Wall Street marked the fifth anniversary of the fall of Lehman Brothers — which triggered the greatest financial crisis since the Great Depression — by setting new records.
Wall Street marked the fifth anniversary of the fall of Lehman Brothers — which triggered the greatest financial crisis since the Great Depression — by setting new records. You might think things are going well. You'd be wrong.The Dow fell a little the next day, after government regulators hit JPMorgan Chase with a $920 million fine for lying to regulators about the billions in losses rung up by the "London Whale." You might think they're finally getting tough with the scoundrels, but that's not right either. As several commentators have noted, that huge fine amounts to about 13 days' worth of the $6.5 billion in profits JPMorgan racked up last quarter.
The too-big-to-fail banks are bigger than ever and the 1 percent are living large. The rest of us? Not so well. Before the recession, 12.5 percent of Americans lived at or below the federal poverty rate. That number now stands at 15 percent, Census figures released this week say, and holding steady. That's 46.5 million people just scraping by. Family income fell for the fifth straight year, the report says, to the lowest point since 1995. Real household income — that's median income, adjusted for inflation — is down 8.3 percent since 2007. It's a different story for the nation's wealthy. The median income for the top 5 percent of households has grown more than 5 percent over the last three years, and now stands at $318,052.
Income inequality sits at a record high, and things aren't getting better. A study by economists Emmanuel Saez and Thomas Piketty found that the top 10 percent of Americans took home more than half the nation's income last year, a new record. The top 1 percent took in more than 20 percent.

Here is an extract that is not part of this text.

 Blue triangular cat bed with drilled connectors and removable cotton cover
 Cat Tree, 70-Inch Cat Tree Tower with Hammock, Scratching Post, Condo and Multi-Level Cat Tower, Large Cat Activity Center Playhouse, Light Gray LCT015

This trend toward a wealthier elite, a smaller middle class and an ever-larger lower class, was well underway before Lehman fell, and little has changed to slow it down. While some elements of public policy contributed to it — the deregulation of the financial sector, tax cuts for the wealthy, incentives for exporting jobs, disinvestment in education and infrastructure — the trend is bigger than U.S. politics. Globalization drove down the price of non-skilled labor; technology has eliminated far more jobs than it has created. Robots will continue to replace humans in the workplace, and there's not much the politicians can do about it.
It's beginning to look like the golden age of the American middle class, from the end of World War II to the ‘80s, when income inequality began to grow, was more the exception than the rule. The question we've barely begun to think about is what do we do about it? How do we create a sustainable society in which there are fewer jobs, at lower pay, with limited economic opportunity? The answer I keep coming back to is that government must bridge the gap between what employers can pay and what it takes to support families.
For generations, conservatives have been portraying recipients of government help as idle, lazy and undeserving. The fact is, major government programs mostly support the working poor and those too old, too young, or too disabled to work.
Government safety net programs are, in effect, indirect subsidies to low-wage businesses. Construction companies can hold on to their seasonal workforce because unemployment insurance pays them in winter. Workers at Walmart and McDonald's survive on low wages and no benefits with help from food stamps and government health programs.
As America evolves into a nation of low-wage workers, we can either make companies pay more — raise the minimum wage dramatically, require employers to provide benefits for health care and retirement — or we can keep employers' labor costs low by strengthening the safety net. Let the government provide health care for all, affordable higher education for those with potential, a more generous Social Security program to make up for the withering away of the private sector pension system. Unfortunately, Republicans in Congress want to go in the opposite direction. The tiny bright spot in this week's Census report: The percent of people without health insurance has fallen slightly in the last year, from 15.7 percent to 15.4 percent. That's Obamacare working, progress Republicans are determined to roll back. House Republicans recently passed their plan for dealing with the fact that 48 million Americans have trouble putting food on the table: They cut the food stamp program by half. Anyone who thought the last recession, like those before it, was just another bump on the road to prosperity for everyone got it wrong. Things were going downhill and, thanks to greedy bankers and sleeping regulators, they fell off the cliff. Trillions in families' savings were lost, millions of jobs disappeared, thousands of people lost their homes, and, five years later, we're back on the downhill path.
How long will it take for the political establishment to recognize what's going on?